Wenn es nach den Instanzgerichten geht, sind die Hürden dafür (bzw. selbst für einen deutlich geringeren Kartellschaden) so hoch, dass bislang kaum ein Geschädigter über diese Messlatte springen kann. Lediglich manche Gerichte, wie das Landgericht Dortmund unter Klumpe das Landgericht Berlin oder das OLG Celle haben sich getraut, von der Befugnis Gebrauch zu machen. Manche Kläger sind aufgrund dieser Hürden bereits am „Ob“ des Schadens gescheitert. Diese Hürden hat der BGH nun im Urteil zum Lkw-Kartell IV deutlich gesenkt, um nicht zu sagen, eingeebnet. 

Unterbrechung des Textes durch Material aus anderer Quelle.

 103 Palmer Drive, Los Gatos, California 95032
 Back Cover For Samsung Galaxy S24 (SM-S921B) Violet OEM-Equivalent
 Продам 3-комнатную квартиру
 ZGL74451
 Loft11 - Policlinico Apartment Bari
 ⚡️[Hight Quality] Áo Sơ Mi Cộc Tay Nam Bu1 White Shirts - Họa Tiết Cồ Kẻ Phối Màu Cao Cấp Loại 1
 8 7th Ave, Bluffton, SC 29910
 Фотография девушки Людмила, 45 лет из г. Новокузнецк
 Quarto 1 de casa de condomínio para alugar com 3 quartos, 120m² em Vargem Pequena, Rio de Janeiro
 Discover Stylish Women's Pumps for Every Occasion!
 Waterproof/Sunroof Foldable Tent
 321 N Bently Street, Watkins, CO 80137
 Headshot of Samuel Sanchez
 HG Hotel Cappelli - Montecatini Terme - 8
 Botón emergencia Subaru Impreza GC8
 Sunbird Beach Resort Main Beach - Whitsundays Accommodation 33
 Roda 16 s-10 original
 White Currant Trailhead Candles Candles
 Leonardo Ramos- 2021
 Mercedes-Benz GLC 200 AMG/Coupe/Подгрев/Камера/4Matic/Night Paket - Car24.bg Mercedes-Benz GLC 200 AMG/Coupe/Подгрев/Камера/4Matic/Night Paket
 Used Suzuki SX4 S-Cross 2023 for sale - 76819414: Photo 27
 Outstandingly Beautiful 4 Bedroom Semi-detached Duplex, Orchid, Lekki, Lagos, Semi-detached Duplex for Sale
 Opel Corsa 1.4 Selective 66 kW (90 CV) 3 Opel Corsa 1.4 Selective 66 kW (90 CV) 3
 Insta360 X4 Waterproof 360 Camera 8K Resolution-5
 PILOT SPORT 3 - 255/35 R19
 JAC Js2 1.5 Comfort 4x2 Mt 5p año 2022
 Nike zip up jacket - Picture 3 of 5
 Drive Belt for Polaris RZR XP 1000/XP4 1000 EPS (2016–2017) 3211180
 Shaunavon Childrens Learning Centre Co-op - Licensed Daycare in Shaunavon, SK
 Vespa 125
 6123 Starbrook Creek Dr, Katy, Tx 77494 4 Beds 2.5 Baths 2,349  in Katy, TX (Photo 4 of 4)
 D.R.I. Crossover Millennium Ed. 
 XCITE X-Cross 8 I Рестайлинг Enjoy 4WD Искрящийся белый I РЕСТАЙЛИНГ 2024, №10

Im Rahmen von § 287 ZPO dürfen Tatrichter einen Schaden schätzen. Was der Kläger hierfür tun muss? Er muss hierfür alle greifbaren Anhaltspunkte vortragen, zu deren Darlegung er (ohne weiteres) in der Lage ist. So weit, so gut. Was gehört nun zu diesen Anhaltspunkten konkret dazu? Der BGH erklärt in jedem Fall, was NICHT dazu gehört (auch wenn dies die Kartellanten naturgemäß anders sehen dürften): Nicht vortragen muss der Kläger den genauen Inhalt der Kartellabsprachen. Diese kann er (Überraschung!) – abgesehen von der Entscheidung der EU-Kommission – ja auch gar nicht kennen. Das dürfen Tatgerichte also auch nicht verlangen. Ebenfalls nicht zwingend notwendig ist die Vorlage eines ökonomischen Sachverständigengutachtens durch den Kläger. Der BGH spricht den Klägern zwar nicht rundum ein grundsätzlich ökonomisches Verständnis ab. Ein Studium der oder gar eine Promotion in Ökonometrie muss der Kläger aber nicht vorweisen, denn er „verfügt typischerweise weder über die erforderlichen Daten noch den notwendigen Sachverstand, um den Preishöhenschaden zu ermitteln“. Möchte sich das Tatgericht jedoch nicht auf (zwar immer dicker werdendes, aber aus Sicht der Gerichte wohl immer noch rutschiges) Glatteis begeben, darf das Gericht auch selbst ein Sachverständigengutachten einholen, wenn es denn eines möchte. Aber, wichtig: Das müssen sie nicht. Der BGH ermutigt die Tatgerichte geradezu, selbst die Initiative ergreifen und ohne ein solches Gutachten den Schaden schätzen. Denn bereits die vielfach in Schriftsätzen und Urteilen zitierte Oxera-Studie 2009 zu kartellbedingten Preiserhöhungen kann laut BGH als Grundlage dafür dienen, dass das Lkw-Kartell zu einem „spürbaren Preiseffekt“ geführt und damit die Schätzung eines Mindestschadens möglich ist.  

Ausblick:

  • Für Kläger in diversen Kartellschadensersatzprozessen ist das Urteil ein weiterer Meilenstein auf dem Weg zur Durchsetzung ihrer Rechte.
  • Für die Tatgerichte ist das Urteil (ein lang ersehnter oder doch gefürchteter?) Freifahrtschein zur Schadensschätzung, denn „die Bemessung der Höhe des Schadensersatzanspruchs [ist] in erster Linie Sache des dabei nach § 287 ZPO besonders freigestellten Tatrichters (…)“.
  • Und für den Gesetzgeber? Ein Wink mit dem Zaunpfahl? Eine Vermutung zur Schadenshöhe, wie bereits in § 34 Abs. 4 GWB für die Vorteilsabschöpfung geregelt, würde die Diskussionen zum Mindestschaden vollständig erübrigen. Da ist sie wieder - die Diskussion um eine Schadenshöhenvermutung.